Wie viele ist auch Rainer ein Zugezogener, aber einer mit Visionen, die er nun umzusetzen versucht: anders wohnen, anders arbeiten, anders denken, anders leben.
Für sich und für andere. Der gelernte Maurer weiß, wo er anzusetzen hat – an der Bausubstanz, die es zu erhalten gilt. Die Mieten sind lächerlich. Mit Monika, Lebensgefährtin und bildende Künstlerin, beziehen sie eine 200 Quadratmeter große Fabriketage in der Naunynstraße, die keine 100 Mark kostet. Dafür ist sie aber im Winter auch nicht beheizbar. Sie suchen Gleichgesinnte mit ähnlichen Problemstellungen und Interessenlagen: „Neues Leben in alten Fabriketagen.“
Schnell spricht sich das im Kiez herum, es herrscht Aufbruchsstimmung. Theaterleute, Freiberufler und andere Wagemutige treffen sich auf Rainers Frühstücksfesten, die alle zusammenbringen. „Geht nicht? Gibt’s nicht!“ – Rainer, längst nicht nur Vordenker, sondern Macher, ist in seinem Element. Er baut eine Zentralheizung um Ölöfen, entwirft Schlafhöhlen aus Wetterballons und Hütten, die der eisigen Kälte in den riesigen Räumen trotzen sollen.

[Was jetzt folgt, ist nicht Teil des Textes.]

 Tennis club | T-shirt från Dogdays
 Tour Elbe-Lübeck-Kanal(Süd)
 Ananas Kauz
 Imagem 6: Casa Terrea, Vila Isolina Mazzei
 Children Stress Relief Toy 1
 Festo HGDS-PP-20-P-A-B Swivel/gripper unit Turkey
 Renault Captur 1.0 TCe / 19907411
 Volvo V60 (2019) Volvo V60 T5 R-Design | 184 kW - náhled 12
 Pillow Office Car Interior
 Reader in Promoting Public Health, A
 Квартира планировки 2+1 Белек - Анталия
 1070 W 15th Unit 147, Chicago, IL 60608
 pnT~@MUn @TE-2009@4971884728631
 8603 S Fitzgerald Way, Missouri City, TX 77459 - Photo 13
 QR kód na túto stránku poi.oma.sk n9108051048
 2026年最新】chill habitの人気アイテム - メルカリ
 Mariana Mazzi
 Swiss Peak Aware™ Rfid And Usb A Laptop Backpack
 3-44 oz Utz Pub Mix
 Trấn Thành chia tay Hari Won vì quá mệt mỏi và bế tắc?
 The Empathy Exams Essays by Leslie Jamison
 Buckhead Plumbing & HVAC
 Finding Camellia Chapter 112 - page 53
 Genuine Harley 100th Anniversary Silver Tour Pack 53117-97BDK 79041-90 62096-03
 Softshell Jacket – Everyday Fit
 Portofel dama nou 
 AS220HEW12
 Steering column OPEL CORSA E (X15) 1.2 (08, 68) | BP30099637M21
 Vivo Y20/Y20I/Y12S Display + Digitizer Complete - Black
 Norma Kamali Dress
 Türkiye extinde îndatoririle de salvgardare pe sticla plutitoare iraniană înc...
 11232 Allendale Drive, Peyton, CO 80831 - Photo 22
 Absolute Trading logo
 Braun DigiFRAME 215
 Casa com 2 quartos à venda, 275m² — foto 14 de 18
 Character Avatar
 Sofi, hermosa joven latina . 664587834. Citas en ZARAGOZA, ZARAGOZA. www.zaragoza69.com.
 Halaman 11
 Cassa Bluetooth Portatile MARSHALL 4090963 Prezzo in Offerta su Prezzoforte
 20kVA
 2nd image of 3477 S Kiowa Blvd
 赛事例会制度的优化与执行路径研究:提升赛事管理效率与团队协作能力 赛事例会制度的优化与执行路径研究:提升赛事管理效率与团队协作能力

Nach der Geburt seiner Kinder entstehen neue, für sie gedachte Räume im Raumsystem.
Die Verbindung von Leben und Arbeiten nimmt Konturen an. Nebenbei schreibt er an seiner Doktorarbeit „Antworten des Körpers auf städtische Räume“, mehr als fünf Jahre lang. Eine Herzensangelegenheit, eher experimentell als empirisch, die ein absurdes und abruptes Ende findet, als er seine handschriftlichen Notizen in einem Karton auf dem Autodach vergisst und losfährt.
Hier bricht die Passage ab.